A new test (prf) has been added to ssl_basic_SUITE to guard against future
breakage.
---
 lib/ssl/src/ssl_handshake.erl | 12 +++++-------
 1 file changed, 5 insertions(+), 7 deletions(-)

(limited to 'lib/ssl/src/ssl_handshake.erl')
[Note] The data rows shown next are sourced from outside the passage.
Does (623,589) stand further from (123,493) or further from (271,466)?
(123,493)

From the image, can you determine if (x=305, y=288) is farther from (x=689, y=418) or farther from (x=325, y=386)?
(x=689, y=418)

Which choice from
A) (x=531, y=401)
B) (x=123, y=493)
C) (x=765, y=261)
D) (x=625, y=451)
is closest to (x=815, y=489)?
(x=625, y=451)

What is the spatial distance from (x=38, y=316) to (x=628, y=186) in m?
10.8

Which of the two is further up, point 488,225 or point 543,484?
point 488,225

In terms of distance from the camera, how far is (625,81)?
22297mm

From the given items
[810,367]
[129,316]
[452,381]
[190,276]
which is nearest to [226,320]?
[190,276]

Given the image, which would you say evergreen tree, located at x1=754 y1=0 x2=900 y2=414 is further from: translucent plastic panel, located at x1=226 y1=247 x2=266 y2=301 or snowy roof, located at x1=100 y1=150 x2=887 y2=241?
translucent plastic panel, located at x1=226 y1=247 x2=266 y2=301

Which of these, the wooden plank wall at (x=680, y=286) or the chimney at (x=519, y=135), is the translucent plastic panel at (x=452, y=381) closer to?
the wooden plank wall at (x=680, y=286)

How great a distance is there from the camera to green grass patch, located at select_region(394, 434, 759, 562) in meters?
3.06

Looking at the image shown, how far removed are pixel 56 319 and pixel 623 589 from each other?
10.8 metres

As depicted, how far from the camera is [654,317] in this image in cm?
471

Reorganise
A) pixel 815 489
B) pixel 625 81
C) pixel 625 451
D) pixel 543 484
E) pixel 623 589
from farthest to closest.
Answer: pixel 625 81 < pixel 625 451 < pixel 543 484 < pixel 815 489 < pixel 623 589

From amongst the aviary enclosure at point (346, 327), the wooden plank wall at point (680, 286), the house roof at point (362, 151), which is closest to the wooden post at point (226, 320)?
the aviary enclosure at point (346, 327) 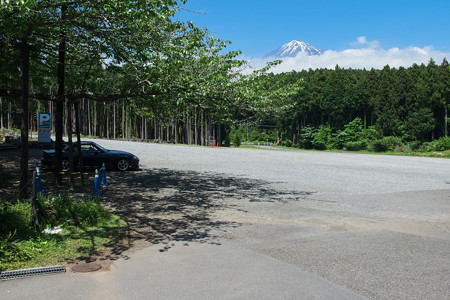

diff --git a/lib/ssl/src/ssl_handshake.erl b/lib/ssl/src/ssl_handshake.erl
index 2a2a7b7d25..598d4e4112 100644
--- a/lib/ssl/src/ssl_handshake.erl
+++ b/lib/ssl/src/ssl_handshake.erl
@@ -74,7 +74,7 @@
 	]).
 
 %% MISC
--export([select_version/3, prf/5, select_hashsign/5, 
+-export([select_version/3, prf/6, select_hashsign/5,
 	 select_hashsign_algs/3,
 	 premaster_secret/2, premaster_secret/3, premaster_secret/4]).
 
@@ -564,17 +564,15 @@ server_key_exchange_hash(md5sha, Value) ->
 server_key_exchange_hash(Hash, Value) ->
     crypto:hash(Hash, Value).
 %%--------------------------------------------------------------------
--spec prf(ssl_record:ssl_version(), binary(), binary(), [binary()], non_neg_integer()) ->
+-spec prf(ssl_record:ssl_version(), non_neg_integer(), binary(), binary(), [binary()], non_neg_integer()) ->
 		 {ok, binary()} | {error, undefined}.
 %%
 %% Description: use the TLS PRF to generate key material
 %%--------------------------------------------------------------------
-prf({3,0}, _, _, _, _) ->
+prf({3,0}, _, _, _, _, _) ->
     {error, undefined};
-prf({3,1}, Secret, Label, Seed, WantedLength) ->
-    {ok, tls_v1:prf(?MD5SHA, Secret, Label, Seed, WantedLength)};
-prf({3,_N}, Secret, Label, Seed, WantedLength) ->
-    {ok, tls_v1:prf(?SHA256, Secret, Label, Seed, WantedLength)}.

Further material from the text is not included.